## [SOURCE MATERIAL]
-- -- --
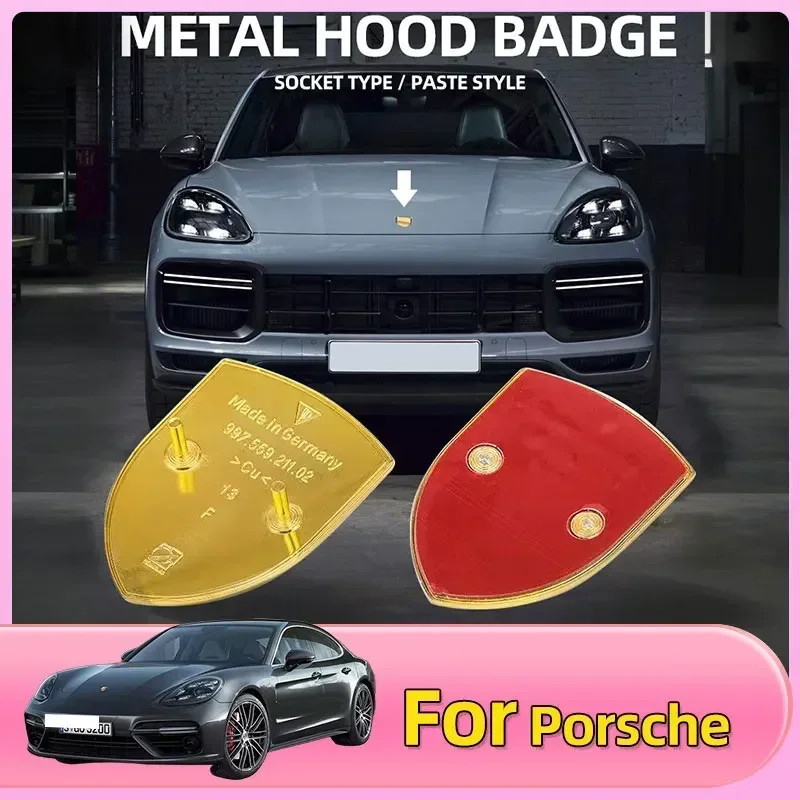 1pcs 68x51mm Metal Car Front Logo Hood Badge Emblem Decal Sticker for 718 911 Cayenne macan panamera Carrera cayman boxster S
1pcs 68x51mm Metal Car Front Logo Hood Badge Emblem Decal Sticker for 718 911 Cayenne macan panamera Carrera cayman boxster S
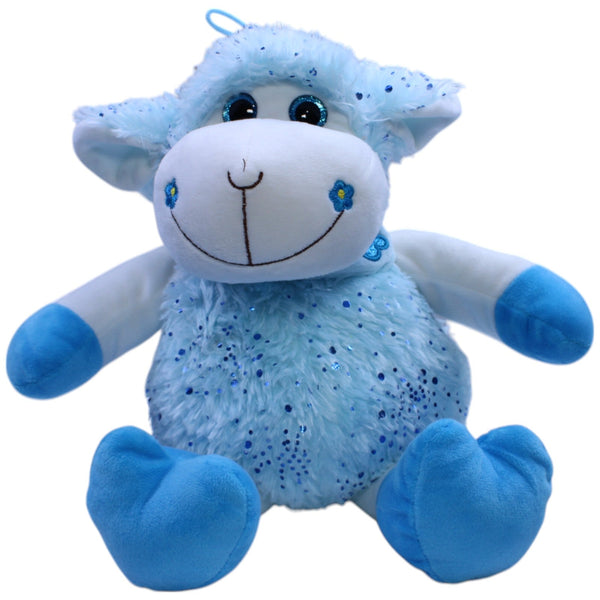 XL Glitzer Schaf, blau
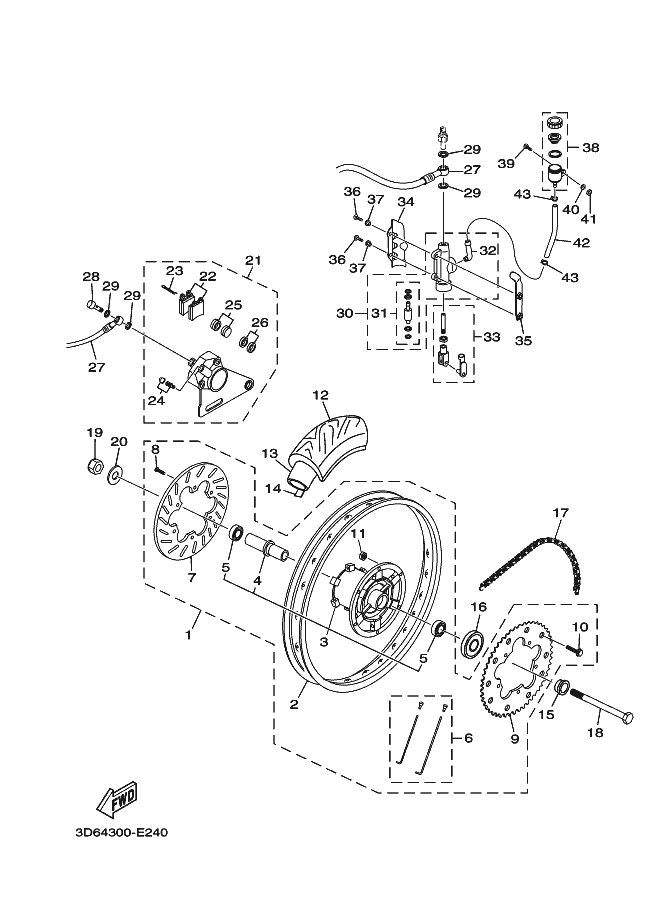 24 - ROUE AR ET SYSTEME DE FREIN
-- -- --
## [TASK DIRECTIONS]
In your copy, leave out the pictures and reproduce the material above exactly.

## [WRITTEN SOLUTION]
 1pcs 68x51mm Metal Car Front Logo Hood Badge Emblem Decal Sticker for 718 911 Cayenne macan panamera Carrera cayman boxster S
1pcs 68x51mm Metal Car Front Logo Hood Badge Emblem Decal Sticker for 718 911 Cayenne macan panamera Carrera cayman boxster S
 XL Glitzer Schaf, blau
 24 - ROUE AR ET SYSTEME DE FREIN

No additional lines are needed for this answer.